**Material provided**
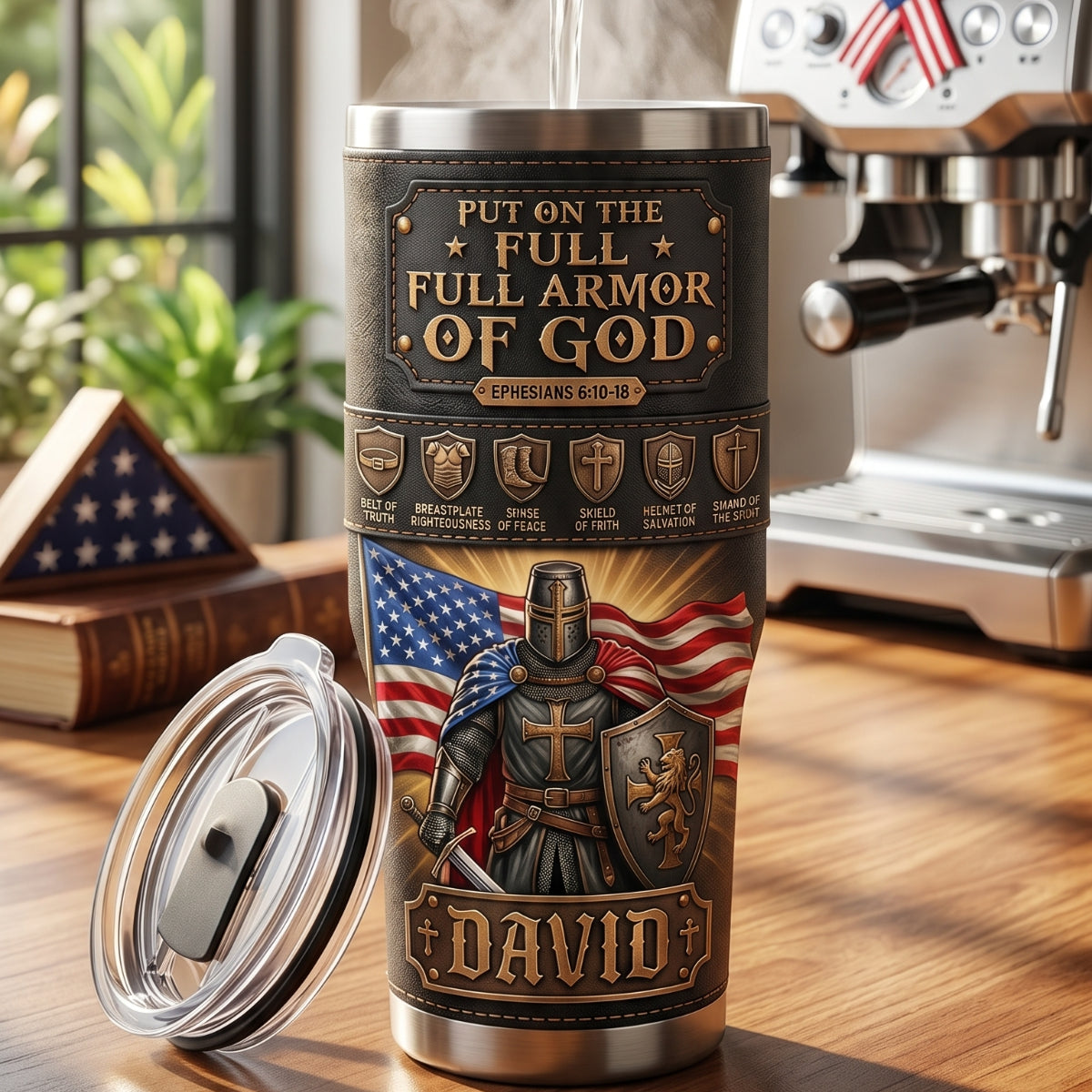 USA Armor Of God Tumbler - Personalized Gifts For Patriots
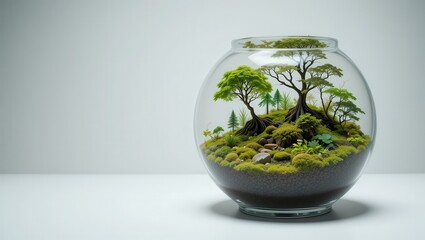 Miniature landscape in glass terrarium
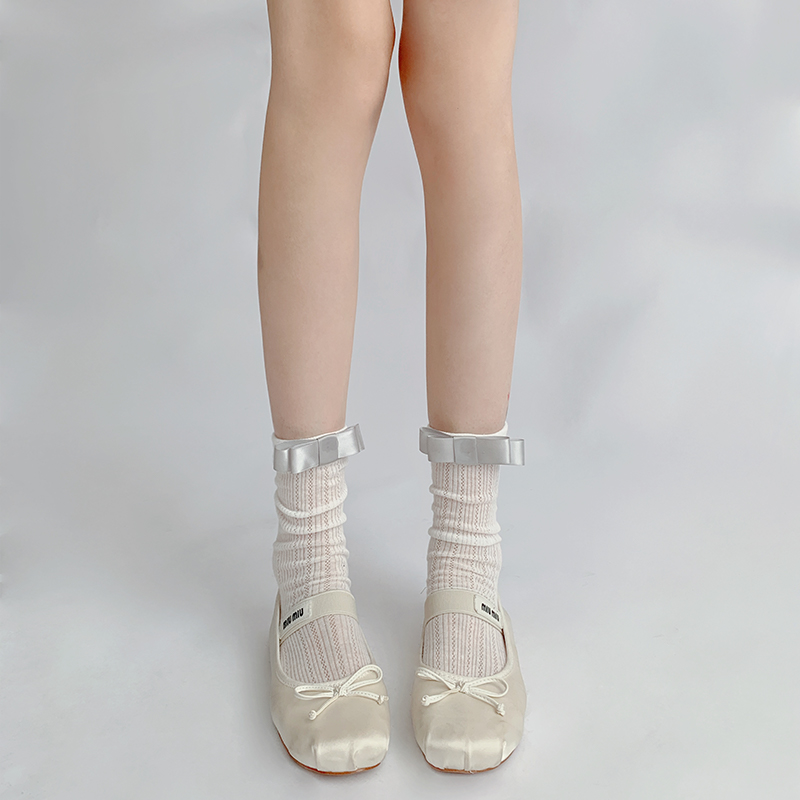 薄款透气夏季袜蝴蝶结芭蕾风袜子女夏中筒袜白色堆堆袜jk小腿袜女 - 图2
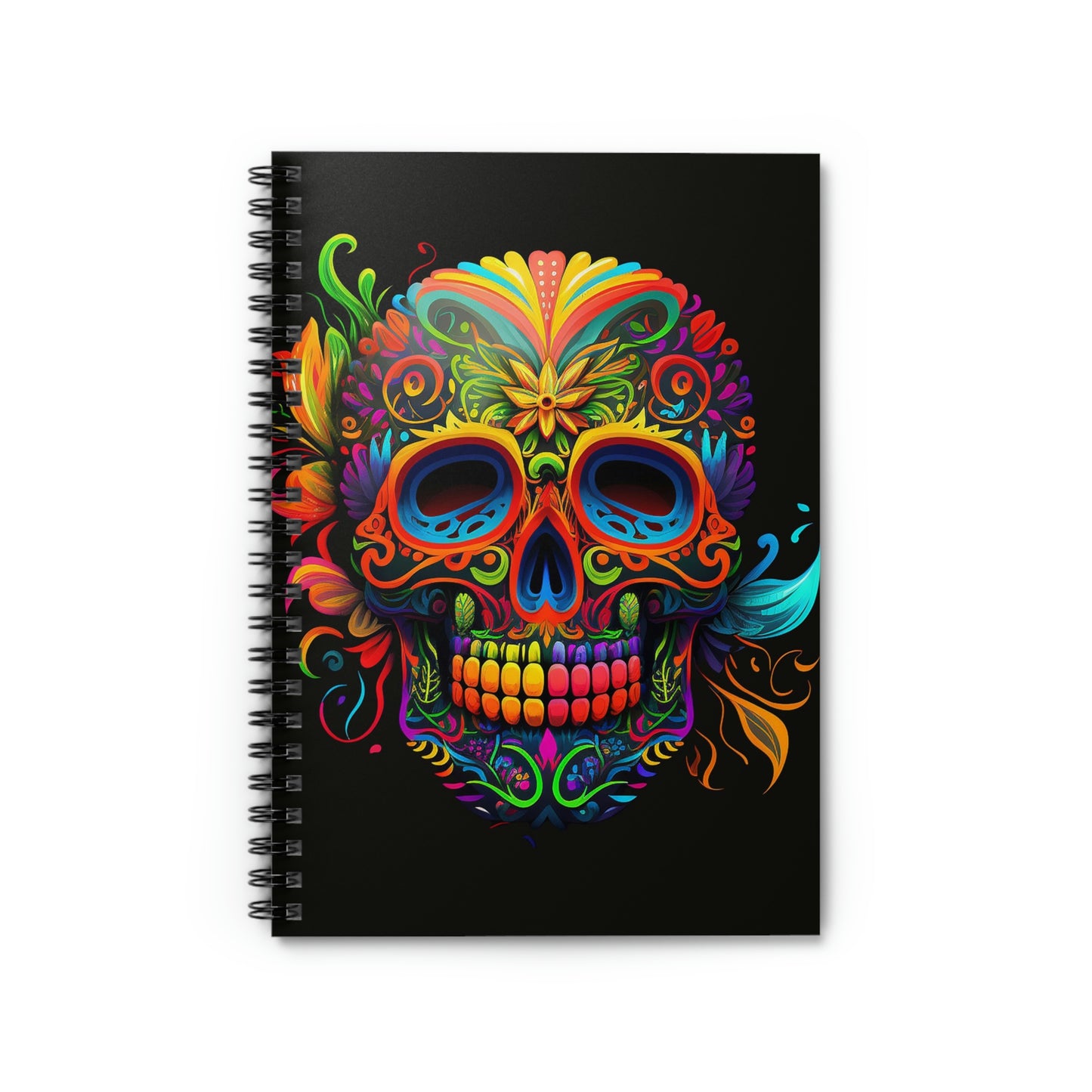 Neon Sugar Skull Spiral Notebook - Ruled Line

**Exercise**
Your task is to retype exactly, and only, the lines from the one that holds "薄款透气夏季袜蝴蝶结芭蕾风袜子女夏中筒袜白色堆堆袜jk小腿袜女 - 图2" through the end of the listing, both end lines included, without any pictures.

**Exercise result**
 薄款透气夏季袜蝴蝶结芭蕾风袜子女夏中筒袜白色堆堆袜jk小腿袜女 - 图2
 Neon Sugar Skull Spiral Notebook - Ruled Line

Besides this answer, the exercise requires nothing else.